** ACTIVITY **
In the records below, begin at the line containing "The North Face Men’s Denali Jacket" and end at the line containing "Buri Sitting Mouse With Cheese Ornament"; quote every line in that span exactly, including both boundary lines, and no others.

** Crawled caption data **
%%

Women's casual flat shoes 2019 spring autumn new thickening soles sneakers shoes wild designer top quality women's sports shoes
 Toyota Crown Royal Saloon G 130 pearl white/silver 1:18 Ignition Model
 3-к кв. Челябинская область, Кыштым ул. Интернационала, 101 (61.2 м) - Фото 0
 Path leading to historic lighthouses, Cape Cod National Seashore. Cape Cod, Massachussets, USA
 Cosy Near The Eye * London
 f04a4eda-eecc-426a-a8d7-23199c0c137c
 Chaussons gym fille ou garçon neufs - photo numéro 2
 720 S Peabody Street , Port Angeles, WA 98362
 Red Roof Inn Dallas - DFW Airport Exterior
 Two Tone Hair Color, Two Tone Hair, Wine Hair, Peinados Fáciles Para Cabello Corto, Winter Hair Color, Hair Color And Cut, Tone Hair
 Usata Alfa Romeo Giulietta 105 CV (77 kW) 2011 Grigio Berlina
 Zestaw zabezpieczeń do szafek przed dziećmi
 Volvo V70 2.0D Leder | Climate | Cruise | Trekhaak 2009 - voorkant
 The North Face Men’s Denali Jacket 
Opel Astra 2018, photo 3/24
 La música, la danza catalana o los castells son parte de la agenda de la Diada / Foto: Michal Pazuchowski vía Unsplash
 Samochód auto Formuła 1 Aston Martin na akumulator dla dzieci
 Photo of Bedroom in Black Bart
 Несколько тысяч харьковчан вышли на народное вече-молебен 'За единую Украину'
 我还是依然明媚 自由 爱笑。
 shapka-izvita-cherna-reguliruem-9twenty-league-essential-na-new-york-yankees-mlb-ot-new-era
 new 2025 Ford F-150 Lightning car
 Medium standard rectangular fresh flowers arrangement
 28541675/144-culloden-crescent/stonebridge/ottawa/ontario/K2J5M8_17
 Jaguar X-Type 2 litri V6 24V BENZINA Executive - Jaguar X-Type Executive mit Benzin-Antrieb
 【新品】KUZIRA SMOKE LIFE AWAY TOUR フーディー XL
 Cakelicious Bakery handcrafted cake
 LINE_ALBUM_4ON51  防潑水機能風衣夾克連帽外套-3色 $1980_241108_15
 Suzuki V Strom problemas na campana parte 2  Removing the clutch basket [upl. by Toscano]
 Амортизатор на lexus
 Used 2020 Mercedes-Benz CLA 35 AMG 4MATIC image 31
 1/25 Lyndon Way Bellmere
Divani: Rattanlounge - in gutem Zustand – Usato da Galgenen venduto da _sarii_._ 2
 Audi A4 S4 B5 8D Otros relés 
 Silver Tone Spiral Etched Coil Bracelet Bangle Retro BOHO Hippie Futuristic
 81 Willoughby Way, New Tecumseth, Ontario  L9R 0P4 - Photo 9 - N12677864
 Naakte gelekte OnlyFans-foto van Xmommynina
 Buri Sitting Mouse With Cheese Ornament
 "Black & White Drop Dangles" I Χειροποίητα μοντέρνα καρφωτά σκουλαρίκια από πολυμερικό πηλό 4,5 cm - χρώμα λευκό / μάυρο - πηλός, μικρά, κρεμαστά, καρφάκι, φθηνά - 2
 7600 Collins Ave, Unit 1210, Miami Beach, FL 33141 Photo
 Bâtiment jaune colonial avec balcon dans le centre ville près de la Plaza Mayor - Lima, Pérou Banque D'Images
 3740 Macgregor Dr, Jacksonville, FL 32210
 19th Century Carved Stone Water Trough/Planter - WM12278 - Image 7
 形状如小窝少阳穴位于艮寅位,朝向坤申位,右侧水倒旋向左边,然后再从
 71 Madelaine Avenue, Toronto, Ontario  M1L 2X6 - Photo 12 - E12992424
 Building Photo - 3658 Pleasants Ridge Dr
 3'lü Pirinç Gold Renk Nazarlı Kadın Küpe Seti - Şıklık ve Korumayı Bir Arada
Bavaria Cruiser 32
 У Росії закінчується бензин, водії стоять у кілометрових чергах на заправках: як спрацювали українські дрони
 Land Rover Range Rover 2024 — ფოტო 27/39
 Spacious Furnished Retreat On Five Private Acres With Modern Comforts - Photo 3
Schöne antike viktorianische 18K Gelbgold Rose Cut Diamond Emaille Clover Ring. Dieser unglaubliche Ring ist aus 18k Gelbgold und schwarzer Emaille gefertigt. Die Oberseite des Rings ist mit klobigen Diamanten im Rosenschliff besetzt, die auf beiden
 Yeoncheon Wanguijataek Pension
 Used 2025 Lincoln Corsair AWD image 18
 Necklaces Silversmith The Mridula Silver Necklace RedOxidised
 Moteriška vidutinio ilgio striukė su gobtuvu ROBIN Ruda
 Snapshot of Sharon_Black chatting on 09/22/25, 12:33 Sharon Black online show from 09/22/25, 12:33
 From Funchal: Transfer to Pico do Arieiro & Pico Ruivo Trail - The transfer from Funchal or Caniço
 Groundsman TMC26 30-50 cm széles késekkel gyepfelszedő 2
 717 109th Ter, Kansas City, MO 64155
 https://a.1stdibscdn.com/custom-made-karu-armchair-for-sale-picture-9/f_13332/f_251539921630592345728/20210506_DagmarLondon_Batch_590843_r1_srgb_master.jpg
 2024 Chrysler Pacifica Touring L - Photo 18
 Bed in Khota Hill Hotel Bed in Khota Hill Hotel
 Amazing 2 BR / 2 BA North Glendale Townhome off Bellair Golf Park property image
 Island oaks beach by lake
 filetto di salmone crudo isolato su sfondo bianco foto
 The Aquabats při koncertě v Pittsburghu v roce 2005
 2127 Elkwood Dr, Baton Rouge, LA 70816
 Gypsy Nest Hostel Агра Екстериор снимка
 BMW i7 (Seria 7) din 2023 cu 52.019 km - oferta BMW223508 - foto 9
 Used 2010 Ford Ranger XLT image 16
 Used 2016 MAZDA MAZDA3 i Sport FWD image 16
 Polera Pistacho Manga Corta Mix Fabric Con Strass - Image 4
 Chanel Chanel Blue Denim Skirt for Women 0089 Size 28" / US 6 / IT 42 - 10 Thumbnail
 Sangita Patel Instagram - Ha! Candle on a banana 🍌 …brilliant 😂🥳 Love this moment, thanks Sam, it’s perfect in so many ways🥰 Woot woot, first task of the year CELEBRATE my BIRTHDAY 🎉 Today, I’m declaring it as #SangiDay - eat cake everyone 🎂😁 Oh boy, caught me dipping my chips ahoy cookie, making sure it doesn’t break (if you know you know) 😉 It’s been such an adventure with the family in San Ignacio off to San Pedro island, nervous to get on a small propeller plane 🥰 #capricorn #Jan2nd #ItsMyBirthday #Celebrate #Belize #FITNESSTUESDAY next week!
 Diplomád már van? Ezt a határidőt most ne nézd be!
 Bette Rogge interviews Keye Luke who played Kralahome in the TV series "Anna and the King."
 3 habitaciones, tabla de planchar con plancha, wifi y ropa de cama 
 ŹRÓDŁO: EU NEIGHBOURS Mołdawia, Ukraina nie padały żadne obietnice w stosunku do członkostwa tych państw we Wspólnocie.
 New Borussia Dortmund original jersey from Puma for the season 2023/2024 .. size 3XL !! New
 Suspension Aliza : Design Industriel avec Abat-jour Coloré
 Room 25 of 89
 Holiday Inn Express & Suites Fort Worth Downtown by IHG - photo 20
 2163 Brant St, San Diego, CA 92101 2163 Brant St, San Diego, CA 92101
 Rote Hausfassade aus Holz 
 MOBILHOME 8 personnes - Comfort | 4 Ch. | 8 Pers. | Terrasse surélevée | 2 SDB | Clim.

%%

** SOLUTION TO THE EXERCISE **
 The North Face Men’s Denali Jacket 
Opel Astra 2018, photo 3/24
 La música, la danza catalana o los castells son parte de la agenda de la Diada / Foto: Michal Pazuchowski vía Unsplash
 Samochód auto Formuła 1 Aston Martin na akumulator dla dzieci
 Photo of Bedroom in Black Bart
 Несколько тысяч харьковчан вышли на народное вече-молебен 'За единую Украину'
 我还是依然明媚 自由 爱笑。
 shapka-izvita-cherna-reguliruem-9twenty-league-essential-na-new-york-yankees-mlb-ot-new-era
 new 2025 Ford F-150 Lightning car
 Medium standard rectangular fresh flowers arrangement
 28541675/144-culloden-crescent/stonebridge/ottawa/ontario/K2J5M8_17
 Jaguar X-Type 2 litri V6 24V BENZINA Executive - Jaguar X-Type Executive mit Benzin-Antrieb
 【新品】KUZIRA SMOKE LIFE AWAY TOUR フーディー XL
 Cakelicious Bakery handcrafted cake
 LINE_ALBUM_4ON51  防潑水機能風衣夾克連帽外套-3色 $1980_241108_15
 Suzuki V Strom problemas na campana parte 2  Removing the clutch basket [upl. by Toscano]
 Амортизатор на lexus
 Used 2020 Mercedes-Benz CLA 35 AMG 4MATIC image 31
 1/25 Lyndon Way Bellmere
Divani: Rattanlounge - in gutem Zustand – Usato da Galgenen venduto da _sarii_._ 2
 Audi A4 S4 B5 8D Otros relés 
 Silver Tone Spiral Etched Coil Bracelet Bangle Retro BOHO Hippie Futuristic
 81 Willoughby Way, New Tecumseth, Ontario  L9R 0P4 - Photo 9 - N12677864
 Naakte gelekte OnlyFans-foto van Xmommynina
 Buri Sitting Mouse With Cheese Ornament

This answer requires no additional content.